Hier ligt het voor de hand om de tekst existentieel te verifiëren voor wie vandaag de Bijbel leest. Want dit gevoel van Ezechiël is herkenbaar. Je komt ergens vandaan, maar je hebt dat achter je gelaten. Je kunt niet terug. De taal waarmee men vroeger over God sprak is niet meer afdoende. Je eigen taal over God is niet meer voldoende. Vroeger kon je zo onbekommerd zeggen dat God van je hield en dat je je hart aan Jezus gaf, maar nu vraag je je eigenlijk af wat je daarmee bedoelde. Het doet geen recht aan wat je inmiddels hebt gezien en beleefd. Je oude geloof is als een stel oude kleren die zijn versleten. Het staat je niet meer. Zo kan het geloof versleten zijn. Heel vertrouwd, maar het zegt je nog maar weinig.
Het ding met ballingen is niet alleen dat er geen weg meer terug is, ballingen weten vaak ook niet hoe de weg verder loopt. Hoe spreek je dan wél overtuigend over God? Welk gebed krijg je dan nog wel over je lippen? Wat durf je dan nog wel te belijden zonder ironische glimlach rond je mond? Ballingen verliezen makkelijk hun zicht op God. Je kunt denken aan stedelingen die hun geboortegrond verlaten hebben. Maar eigenlijk geldt het voor iedereen die een reis heeft gemaakt in zijn of haar denken. Het geldt voor elk leven waarin er een grote afstand ligt tussen herkomst en bestemming.
De troonwagen
En dan verschijnt God. En hoe. Hij verschijnt zó overweldigend. Ezechiël krijgt een visioen met één en al verbeelding. Er bestaat in het jodendom een gewoonte die zegt dat je niet te jong mag zijn als je dit visioen wilt bestuderen. Dertig jaar, tenminste, zegt die traditie. Er is zelfs een hele school van vroeg-joodse mystiek ontstaan rondom dit visioen: merkabah-mystiek.
Het visioen is een opeenstapeling van overweldigende beelden. Ezechiël ziet een donderbui aankomen. Een zware wolk met vuur en bliksemflitsen. In die donkere wolken tekenen zich allerlei figuren af. Er zijn vier wezens die zowel iets menselijks als iets dierlijks hebben.

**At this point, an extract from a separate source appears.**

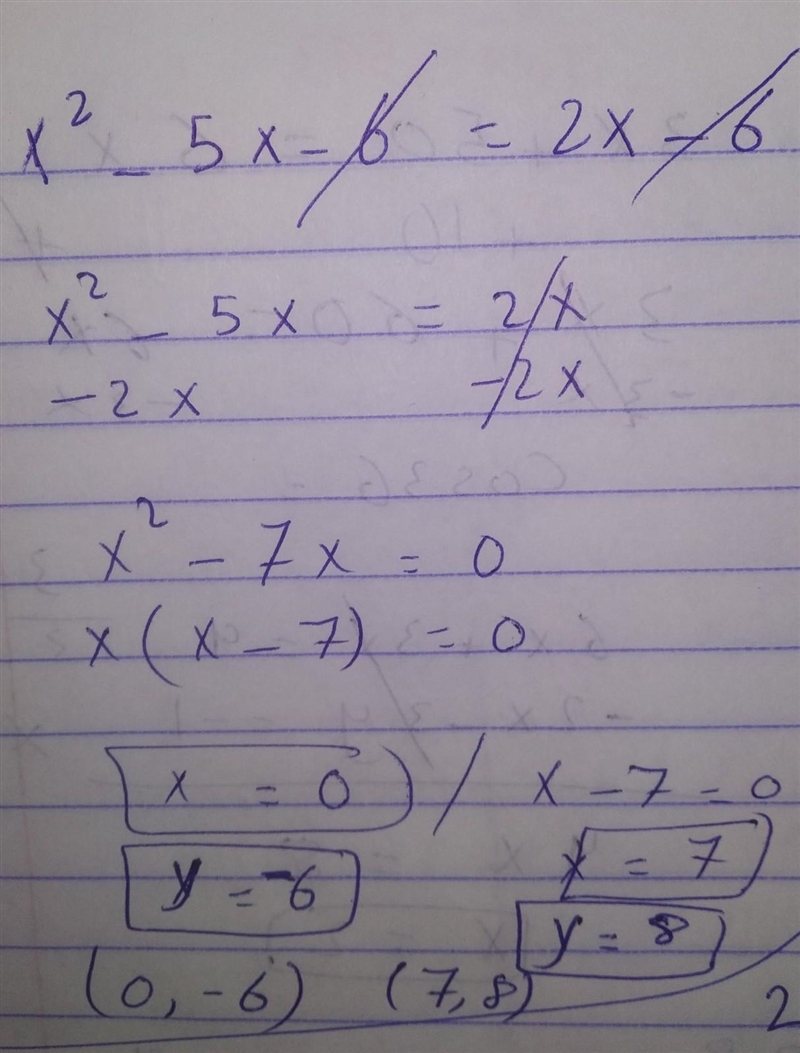 What are the solutions to the system of equations? y = x x2 5x – 6 y= 2x – 6 • (-1, 0) and-example-1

Ze staan rechtop en hebben vier koppen. De kop van een mens, de kop van een leeuw, de kop van een stier en de kop van een adelaar. Ze hebben vleugels en met die vleugels dragen ze een soort troonwagen. Er zijn wielen te zien die zo hoog zijn dat je er hoogtevrees van krijgt. En in die wielen draaien andere wielen. De velgen van die wielen zijn afgewerkt met ogen. De wagen gaat alle kanten op. En de dieren hoeven zich niet om te draaien, want zij kijken met hun vier koppen alle kanten uit. Er is tussen de dieren een gloeiend vuur en er flitst licht tussen hen door.
Het oog van Ezechiël wordt steeds verder naar boven getrokken. Boven de dieren is een soort koepel te zien. Het glinstert als ijs! De vier dieren maken met hun vleugels een oorverdovend lawaai. En boven al dat geluid uit ziet de profeet iets dat lijkt op een troon van edelsteen. En daarop de gestalte als van een mens. Vanaf de heup omhoog als een onbeschrijflijk fel metaal, waar wij zelfs geen woord voor hebben. En vanaf de heup omlaag iets als vuur, een soort stralende gloed.
Dit is de aanblik van de verschijning van de heerlijkheid van de Heer, zo staat er letterlijk in vers 28. Dit is God… en toch ook niet. Dit is áls God. Want Ezechiël is heel aarzelend en omslachtig in zijn omschrijvingen. Hij zegt niet: ik zag een troon en daarop zat God. Hij zegt in vers 26: ik zag iets dat leek op een troon en daarboven iets dat leek op de gestalte van een mens. Frases zoals: ‘het leek op’ en ‘het was als’ komen steeds terug. Het is God en tegelijk wordt God in dit visioen ook niet gevangen. Daarvoor is God te groot.
Het gaat in dit visioen over de heerlijkheid van de Heer. In het Hebreeuws heeft men het dan over de kabod van God. Letterlijk betekent dat het gewicht. God is te zwaar voor ons. Zelfs zijn aanblik kunnen wij niet verdragen. Daarom valt Ezechiël ook op de grond.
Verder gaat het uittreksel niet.